Manabe T, Kikuchi H, Furuse S, Karasawa J, Sakaki T
No Shinkei Geka. 1977 Apr;5(4):355-61.
Case 1. A 65 year old male had left hemiparesis with sudden onset since 8 years ago, which gradually aggravated for these 2 years. On Sept. 27, 1973, he was admitted to the Department of Neurosurgery, Kitano Hospital. There was left spastic hemiparesis with hemisensory disturbance and he could not walk without help for the maked spasticity. Left carotid angiogram revealed the complete occlusion of the internal carotid artery and marked stenosis of the external carotid artery at the common carotid bifurcation. External carotid endarterectomy was performed on Nov. 19, 1973, which was followed by STA-MCA anastomosis 2 months later. The spasticity of extremities and left hemisparesis were gradually improved and he was able to walk without help. Case 2. On Apr. 14, 1974, a 63 year old female developed complete stroke with right hemiparesis and speech disturbance after transient ischemic attacks of 5 days duration. On Aug. 9, he was admitted and had emotional incontinence, right hemiparesis, Gerstmann's syndrome and motor aphasia. Left carotid angiogram revealed a saccular aneurysm of the middle cerebral artery and the occlusion of the distal middle cerebral arterys. These findings suggested that the occlusion was caused by embolus from the middle cerebral aneurysm, and the combined surgery with STA-MCA anastomosis and operation for the aneurysm was planned. On Aug. 30, 1974, under left frontotemporal craniotomy, aneurysmal neck clipping and aneurysmectomy were performed and thereafter, STA-MCA double anastomosis was done. One week after operation, the gradual improvement of pre-operative symptomes was noted. Recently, STA-MCA anatomosis is well known to be one of the effective operative methods for the occlusive methods for the occlusive cerebrovascular diseases and in addition, we found that the combination of STA-MCA anastomosis with other operations was effective for unusual cases presenting in this report. Furthermore, except for the occlusive cerebrovascular diseases, we usually plan STA-MCA anastomosis for the cases of 1) carotid ligation or trapping for carotid-cavernous sinus fistula and some internal carotid aneurysms, 2) some intracranial tumors with the danger involving the main cerebral arteries by operation to protect the cerebrovascular insufficiency.

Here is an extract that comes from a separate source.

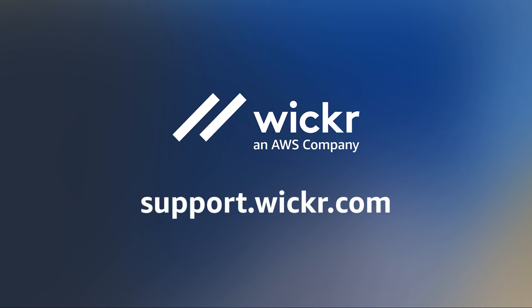For more information on features, head to our FAQs at support.wickr.com or contact us with any issues at support.wickr.com.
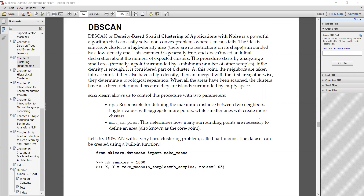Hello everyone. In this session I will cover the scikit-learn code for the DBSCAN algorithm. In the previous session we already discussed the DBSCAN algorithm with one numerical example. DBSCAN, or density-based spatial clustering of applications with noise, is a powerful algorithm that can easily solve the non-convex problem where k-means fails. Here we will explain how k-means fails with the non-convex problem, and also discuss the scikit-learn code for the DBSCAN algorithm.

病例1。一名65岁男性自8年前起突发左侧偏瘫,近2年逐渐加重。1973年9月27日,他入住北野医院神经外科。存在左侧痉挛性偏瘫伴偏身感觉障碍,因严重痉挛,他无法独立行走。左侧颈动脉血管造影显示颈内动脉完全闭塞,颈总动脉分叉处颈外动脉明显狭窄。1973年11月19日进行了颈外动脉内膜切除术,2个月后进行了颞浅动脉-大脑中动脉吻合术。肢体痉挛和左侧偏瘫逐渐改善,他能够独立行走。病例2。1974年4月14日,一名63岁女性在持续5天的短暂性脑缺血发作后发生完全性中风,出现右侧偏瘫和言语障碍。8月9日入院,存在情感失禁、右侧偏瘫、格斯特曼综合征和运动性失语。左侧颈动脉血管造影显示大脑中动脉囊状动脉瘤及大脑中动脉远端闭塞。这些发现提示闭塞是由大脑中动脉瘤的栓子引起的,计划进行颞浅动脉-大脑中动脉吻合术与动脉瘤手术联合治疗。1974年8月30日,在左侧额颞开颅手术下,进行了动脉瘤颈夹闭和动脉瘤切除术,随后进行了颞浅动脉-大脑中动脉双吻合术。术后一周,术前症状逐渐改善。最近,颞浅动脉-大脑中动脉吻合术是治疗闭塞性脑血管疾病的有效手术方法之一,此外,我们发现颞浅动脉-大脑中动脉吻合术与其他手术联合应用对本报告中出现的特殊病例有效。此外,除了闭塞性脑血管疾病外,对于以下情况我们通常计划进行颞浅动脉-大脑中动脉吻合术:1)颈动脉结扎或圈套术治疗颈动脉海绵窦瘘和一些颈内动脉瘤;2)一些颅内肿瘤手术时可能累及主要脑动脉,为预防脑血管供血不足。